Can anyone explain the difference between "このアニメを見ました" and this case "このアニメは見たことがありました" i can't understand the role of koto ga arimasu since the meaning is the same
このアニメを見ました。 I saw this anime. (past tense)
このアニメは見たことがあります。 As for this anime, (saw it) exists. -> I have seen this anime. (present perfect)
このアニメは見たことがありました。 As for this anime, (saw it) existed. -> I had seen this anime. (past perfect)
The word こと turns the verb or adjective clause before it into a noun, similarly to の. Unlike の, it doesn't carry the sense that the activity being discussed in the subclause is at the same time as the outer clause. So it's a way of abstractly discussing situations or activities.
This sounds like a formal statement to me. Can it be used for, say, giving a testimony? As in, "it's true that I've watched this movie."
"I saw this anime"... It's a very language-learning kind of construction, i.e., simple but not that commonly used, so not that useful. It doesn't give any context to why you're saying it. With a time indicator, it might: "I saw this anime yesterday." That means the point of the sentence is what you dis yesterday.
The -koto- construction, by contrast, indicates that there was a time, at any point in the past near or far, where you saw the anime. I think another good translation might be: "I've seen this anime before," or "I've already seen this anime."
First, I think the second sentence should end in "あります."
Second, it seems like a different tense. Using your examples, the first is "I saw this anime" which is strictly past tense of "I watch this anime." The second is "I have seen this anime." Literally, it might be closer to a consise way of saying "I have this experience of having watched this anime."
Was wondering the same. I think the former is a case of simple past ("saw"), the latter of present perfect ("have seen").
Depends on the situation since certain situations take different verbs than expected, but 見る generally has both meanings (or in other words, it doesn't seem like there is a difference between the two in Japanese).
For me it would be nice if this were under a section for the past tense rather than a theme so I can repeat this construction and understand it. As much as I think I get こと, I would like to fully understand its grammatical purposes.
Well, I guess it has to do with English borrowing the word from Japanese.

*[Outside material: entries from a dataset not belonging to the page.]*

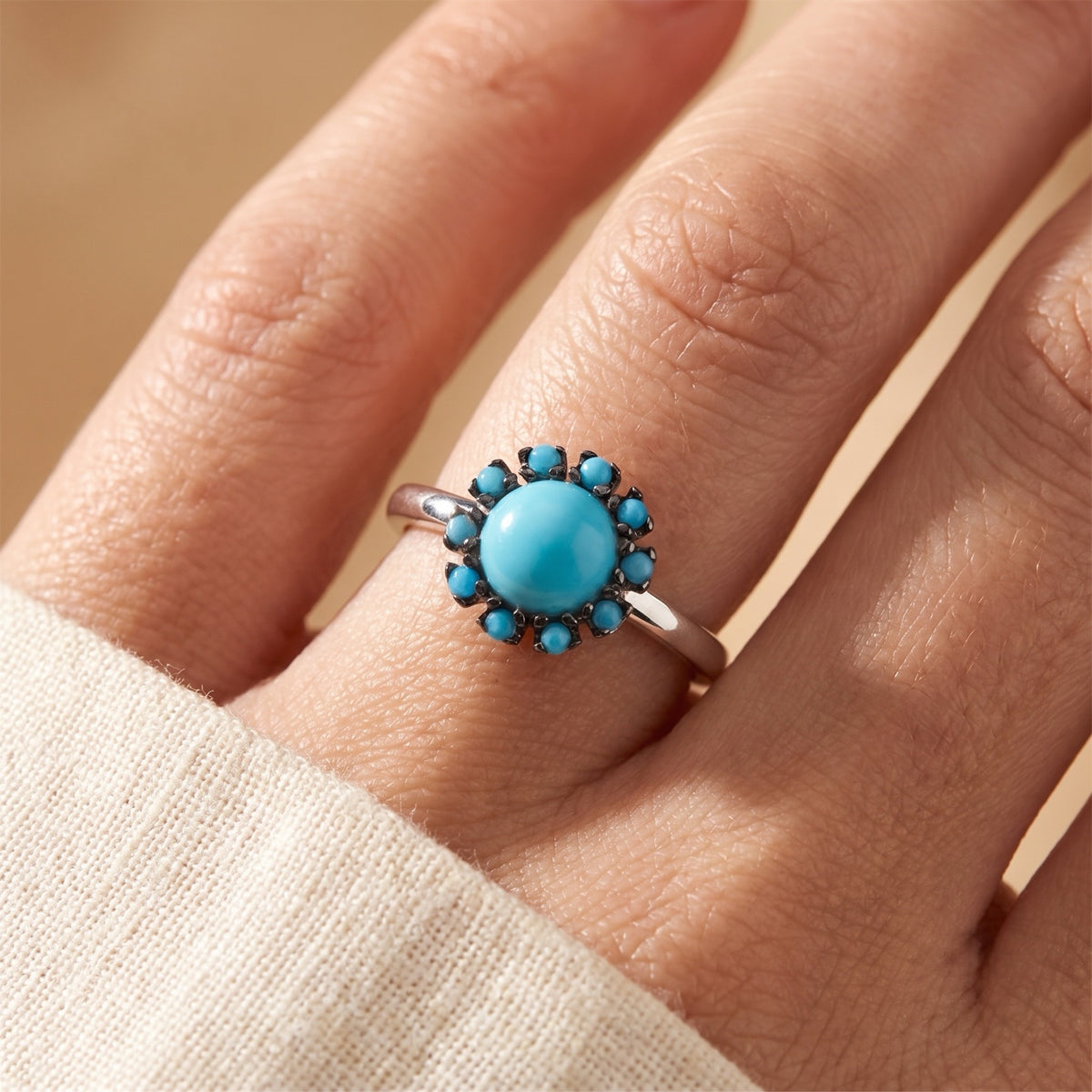 Turquoise Blue Flower Halo Ring worn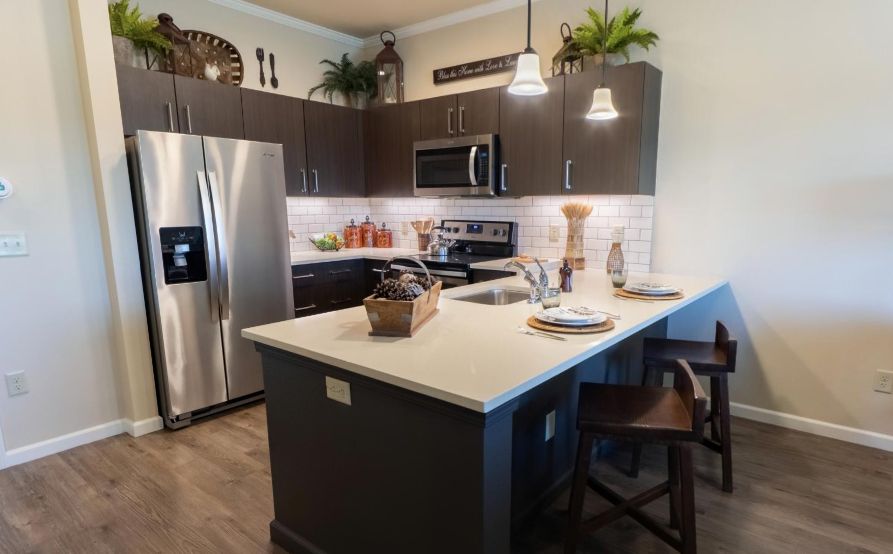 A modern kitchen featuring stainless steel appliances and a central island with pendant lighting.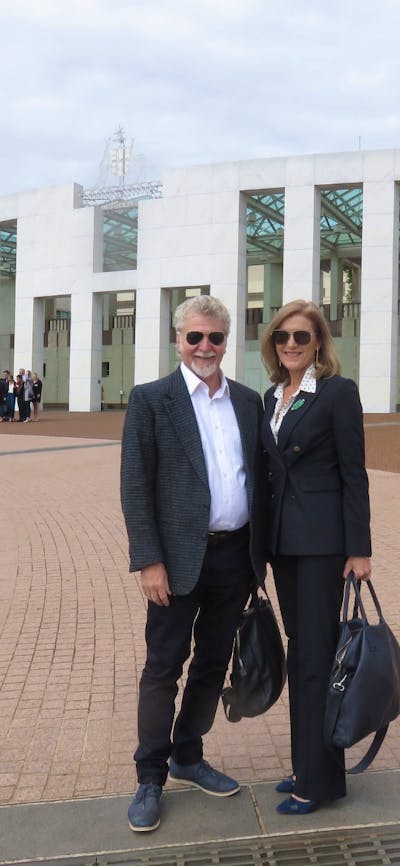 A man and a woman standing in front of the Parliament House in Canberra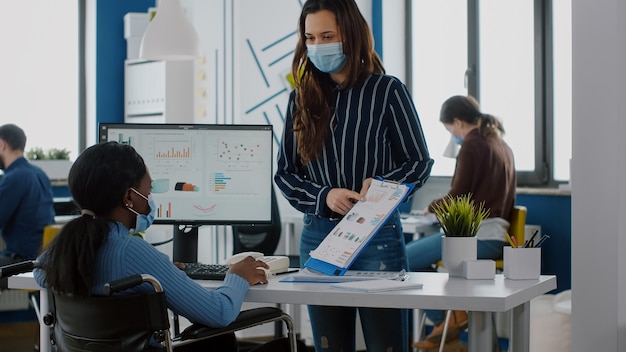 Equipe da empresa verificando gráficos financeiros usando máscara protetora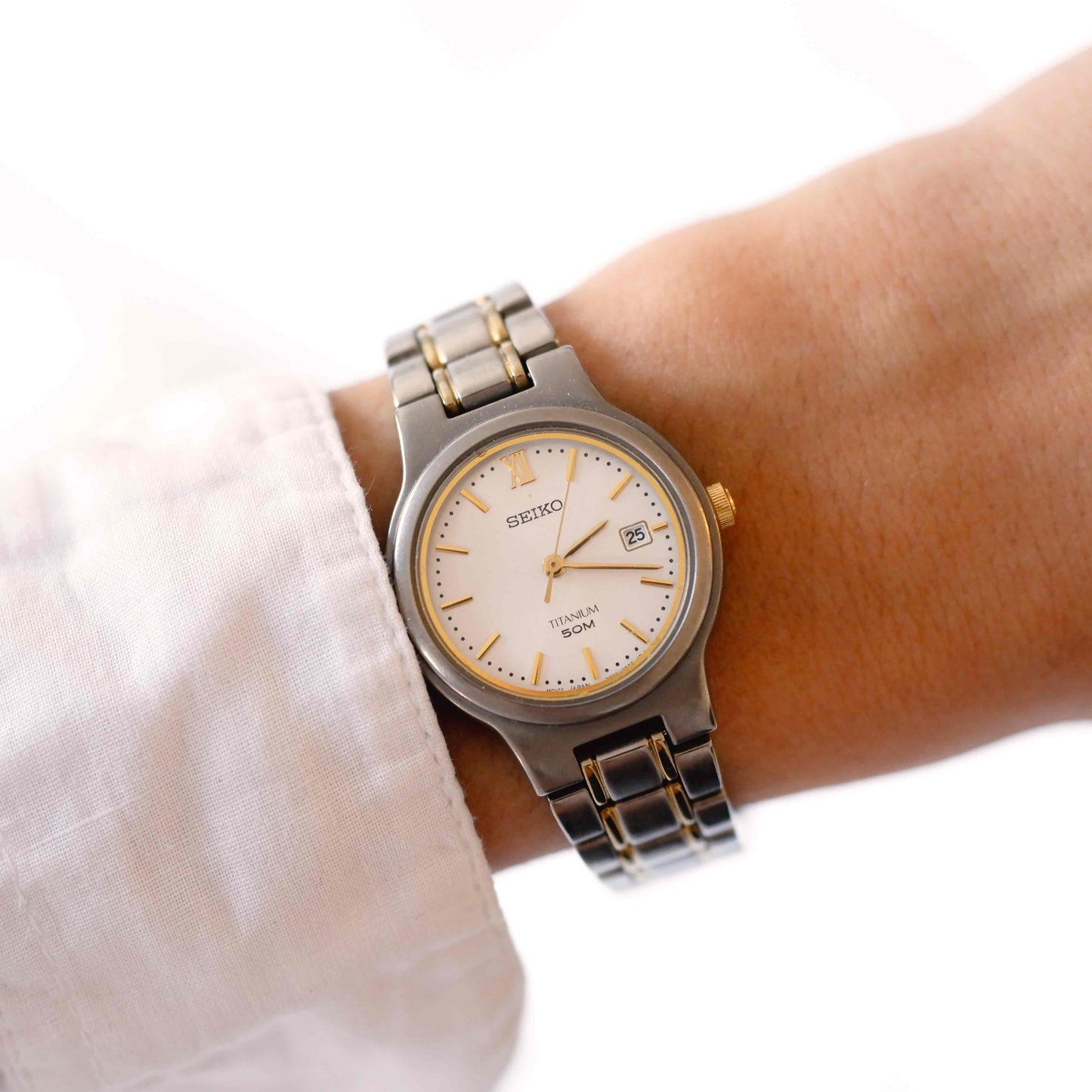 Seiko Vintage Watch: Ladies 90s Gold Titanium Diver with Classic Silver Dial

The Japanese meaning of アニメ refers to all kinds of animation, so cartoon would be a good translation. However, the English (or Western) meaning of "anime" strictly refers to animation made in Japan.
But because we translate Japanese, the western meaning of anime should be largely irrelevant I think.
Just flag it, there's not a lot of flexibility in the responses yet because this course is very new. (still beta even)
The intonation of アニメ is not standard. They would say ánime in Osaka, but not in Tokyo. We say animé. I'll report this.
Isn't Standard Japanese based on the Tokyo dialect, though? Duolingo usually teaches the standard language, so there will be some variance from other dialects.